Almost three years after Britain voted to leave the EU, the Brexit saga will be able to continue until October 31, the new deadline set at an extraordinary European Council in Brussels on Wednesday April 10. The chaos of government is such in London, Theresa May's authority so degraded, that anything is possible.
Although a No-Deal Brexit has now been ruled out for the next few months, it is still a possible scenario. Indeed, if Mrs May is forced to quit and is replaced by a supporter of a more robust Brexit, Boris Johnson for example, the No-Deal could well be back on the table.

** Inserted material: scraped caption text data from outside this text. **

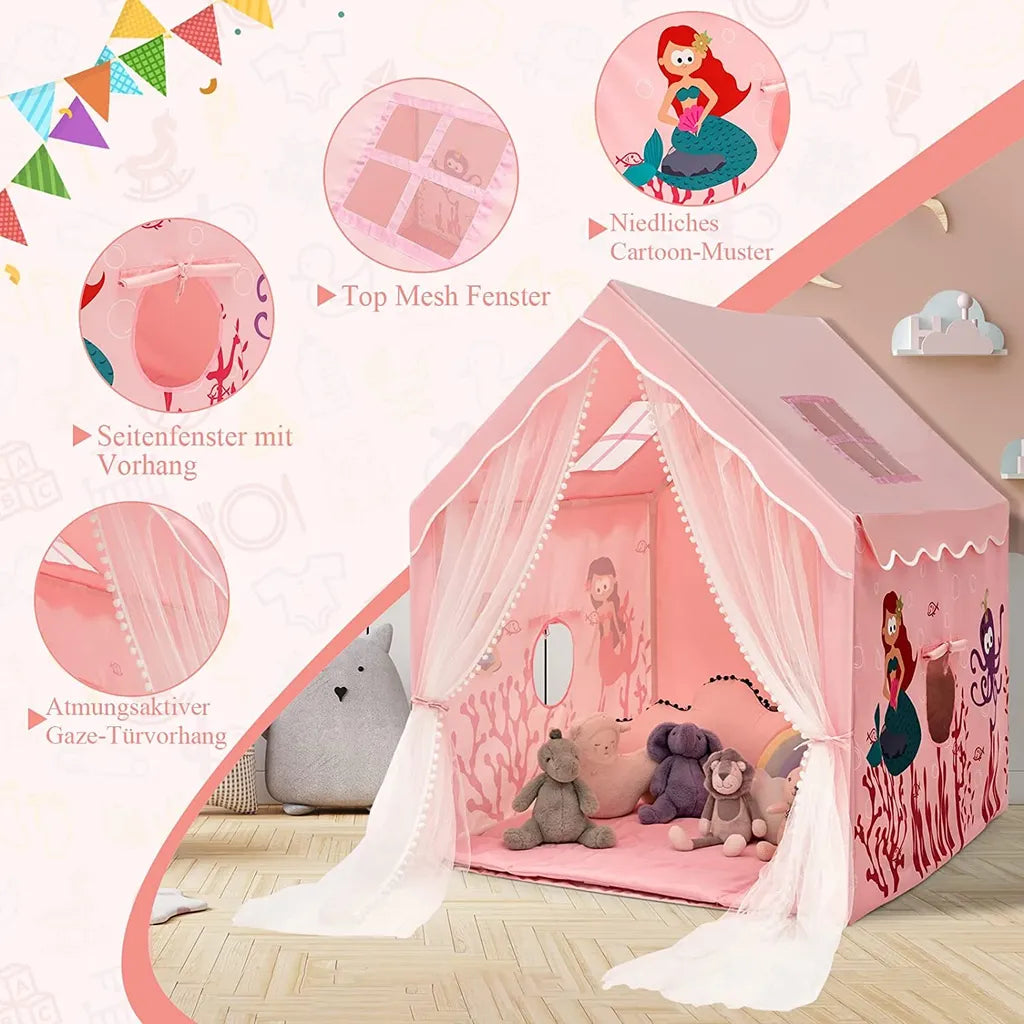  COSTWAY Großes Kinderzelt, Indoor-Spielzelt Mit Gepolsterter Matte, Türvorhang, Atmungsaktive Netzfenster, Bunte Dekorative Muster, Geschenk Für Kinder Ab 1 Jahr, 121 X 105 X 137 Cm Rosa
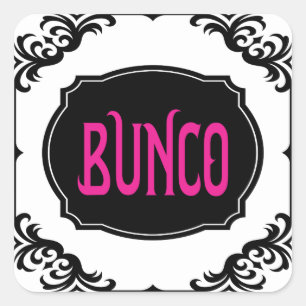 Sticker Carré Bunco Game Nuit Rose Moderne Gras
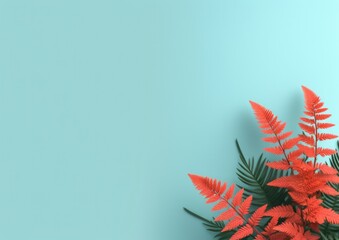 Winter Red and White Ferns on a blue background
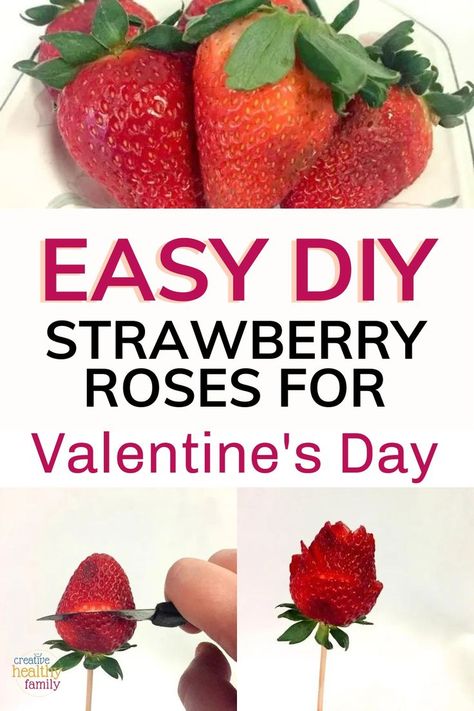 This is one of my favorite and most beautiful DIY ideas so far. Let me show you how to make strawberry roses easily at home. They’re perfect for Valentine’s Day gifts or to use as a centerpiece at your next “Galentine” party! Strawberry Centerpiece Ideas, Strawberry Centerpiece, Roses Valentines Day, Strawberry Roses, Centerpiece Ideas, Healthy Families, Fun Diys, Diy Ideas, Easy Diy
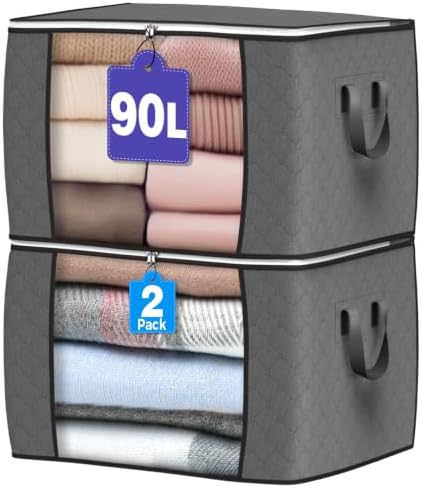90L Large Storage Bags, 2 Pack Clothes Storage Bins Closet Organizers by BuddingJoy-BuildaJoyfulLifeforYou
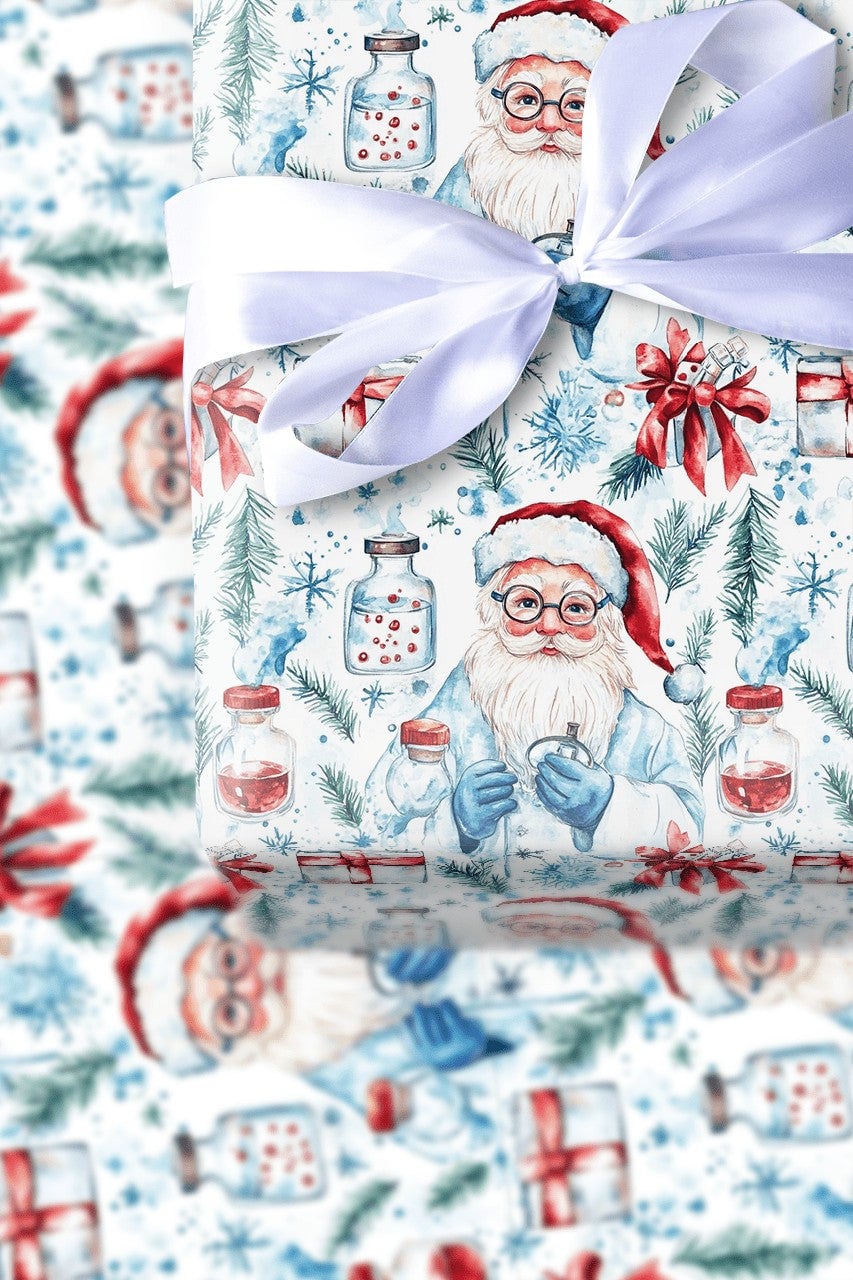 Medical Holiday Gift Wrap, Scientist Santa Wrapping Paper, Lab Coat Santa Christmas Paper, Science Gift Wrap, Doctor Nurse Ho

In a new report called No-deal Brexit: the trade winners and losers, the UN says that China and the US could greatly benefit from the United Kingdom leaving the European Union without an agreement. On the contrary, the EU and some of the United Kingdom's other trading partners, including Turkey, would lose a lot.
Under World Trade Organization (WTO) rules, a country cannot grant preferential treatment to a trading partner and must apply the same taxes to all, except in the case of a trade agreement.
If London leaves the EU without an agreement to protect its current trading partners, it would increase relative competitiveness of major exporting countries, such as China or the United States, thereby eroding market-share away from less competitive countries.
Jackpot for China
The biggest beneficiaries of a no-deal Brexit would be countries which currently face higher tariffs. China could pocket an additional $10.2 billion in exports to London, and the United States $5.3 billion. Japan could also expect to see its exports to the United Kingdom increase by some $4.9 billion and Thailand, South Africa, India, Brazil, Russia, Vietnam are also likely to make gains, according to the report.
Meanwhile, the EU and some of the United Kingdom's other trading partners, including Turkey, would lose out significantly. The UK market accounts for about 3.5% of world trade and last year the UK imported some $680 billion of goods from the rest of the world. More than half of these exports come from European countries: they risk losing nearly 35 billion dollars in the event of a no-deal.